In the silence I sat down to think and to pray
When the figures in stained glass came down then to play.
Unnoticed I sat there, immersed in the shade
Apostles and saints went to romp, and all played.
Saint John and another in hide-and-go-seek
Were joined by some Mary’s, vivacious but meek.
Saint Peter was dancing along with some fish
Then all came to order, as one of them wish’d.
To conference called, all the martyrs and saints
On the altar they perched with some little restraint.
“All moonshine!” one said, to the general glee
“Indeed!” someone giggled – a pert little she.
“No no!” said an angel and one knowing lamb
“Tis the end of the world!” Then the speaking began.
Agreeing: this chapel, its rector, its minister-priests
None knew Holy Scripture – nor cared in the least
Their preaching was so bad it made angels weep
And would send every listener duly asleep.

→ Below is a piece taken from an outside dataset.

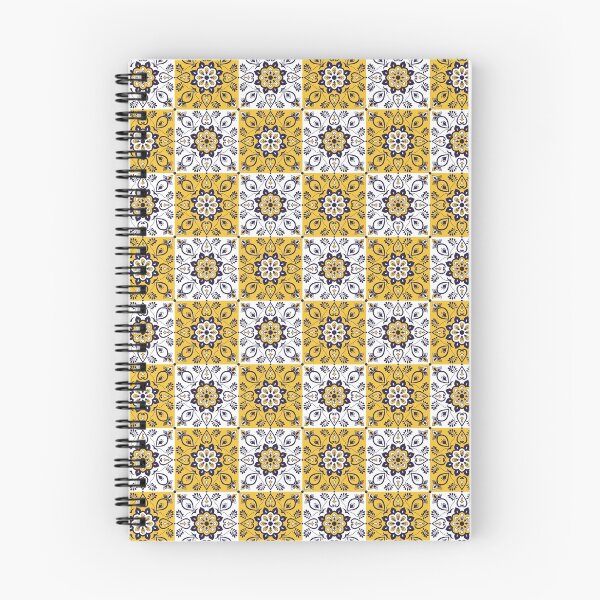 Item preview, Morrocan Tile Pattern - Morrocan Style Seamless Geometric Checkered Pattern ( Yellow and White ) designed and sold by ShawnDzign.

And those who attended led scandalous lives
Brought shame on the Gospel. None tried to disguise.
“But God will repay them!” said sternly Saint John.

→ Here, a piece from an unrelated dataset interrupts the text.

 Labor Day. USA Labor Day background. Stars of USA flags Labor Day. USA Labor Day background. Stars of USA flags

“For us – tis the moontide! Away and come on!”
The colourful figures cut capers and lept
From railing to window, throughout the transept.
Some singing, some dancing, as merry could be
Their race had been run – in the old Galilee.
All night they went freely about in their fun
Only vanishing as the first rays of the sun
Did signal the start of the glorious day
Then the saints and apostles all vanished away.
Remounted their windows, in pose and in colour
All looking respectfully one to another.
I wondered: “If God sees our hearts and our spite
And one day will repay each wrong and each right
Why does He delay for so long?” Then there came
A whisper, from somewhere, begun with my name –
“Oh – God will repay every wrong, every right!
He comes without warning: a thief in the night!”